I did pretty well at work today. No throwing up. I had plenty to do, so I stayed busy and tried not to think about it. No one mentioned Clay Aiken's interview to me today. I wonder if Mr. X figured that I put two and two together, given how many times a day I need to look at his calendar. Once Clay Aiken actually entered the building, I did get really nervous, like anxiety attack nervous. I have an eye tick that only shows up under extreme stress, so it showed up this afternoon, which was really cool. Everyone likes a girl with an eye tick. I really hope that this is over soon.
In other news, Vaclav Havel (former president of the Czech Republic, Cold War Activist, playwright, humanitarian, all around good person, and someone that was always on my list of people I wanted to have over to my house for dinner) died on Sunday. If you remember learning about Charter 77, the Prague Spring in 1968, or the Velvet Revolution, this is the man who was their architect.

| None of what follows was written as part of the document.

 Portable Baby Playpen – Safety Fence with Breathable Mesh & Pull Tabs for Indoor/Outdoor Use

I've read several obituaries today and was going to link to one, but I can't pick. Just Google him and you'll find lots to read, including his early plays. The House at Checkpoint Charlie in Berlin, which is now a museum of both the Berlin Wall and social activism throughout the world, has the typewriter that he used to write many of his early plays and also Charter 77--you can actually sit down at type something with it.* When I lived in Berlin I wrote lots of people letters on his typewriter. (I was kind of a hog in the museum.) When I was visiting Prague it was Wenceslas Day**, so I got to see him (from very, very far away) giving a public address. I didn't understand a word of it, but it was like seeing a rock star to me.

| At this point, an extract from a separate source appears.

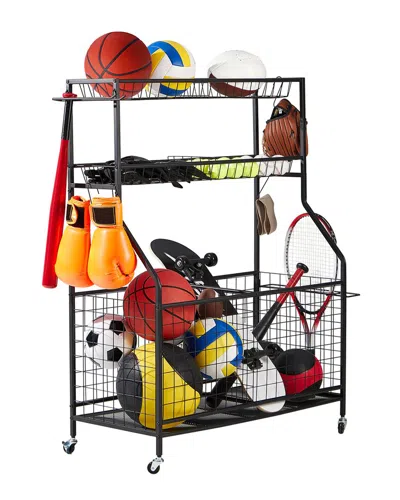 Lugo Heavy-duty Garage Sports Equipment Organizer With Wheels In Black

While I was Googling him, I found that he wrote a lot about hope. I guess looking back at his life, he had to hope for something better, and then once he succeeded he got to witness all that hope having come to fruition. I like to think that we would have been friends, if we had ever met. I don't usually get sad when people I don't know die, but I feel like his passing should be mourned. The world lost a great citizen.
So, to end today, I am going to try and relax enough so my face stops ticking, and think about hope...

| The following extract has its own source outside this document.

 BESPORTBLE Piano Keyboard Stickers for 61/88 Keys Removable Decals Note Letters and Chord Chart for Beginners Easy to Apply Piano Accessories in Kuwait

"Hope is a state of mind, not of the world. Either we have hope or we don't; it is a dimension of the soul, and it's not essentially dependent on some particular observation of the world or estimate of the situation. Hope is not prognostication. It is an orientation of the spirit, and orientation of the heart; it transcends the world that is immediately experienced, and is anchored somewhere beyond its horizons ...Hope, in this deep and powerful sense, is not the same as joy that things are going well, or willingness to invest in enterprises that are obviously heading for success, but rather an ability to work for something because it is good, not just because it stands a chance to succeed. The more propitious the situation in which we demonstrate hope, the deeper the hope is. Hope is definitely not the same thing as optimism. It is not the conviction that something will turn out well, but the certainty that something makes sense, regardless of how it turns out."
-Vaclav Havel
1936-2011
1936-2011
*Because people in Europe have respect for stuff and don't trash it. If you go to Anne Frank's house in Amsterdam you can also sit down in her chair at her desk and look out the window. There's no plexiglass or velvet ropes.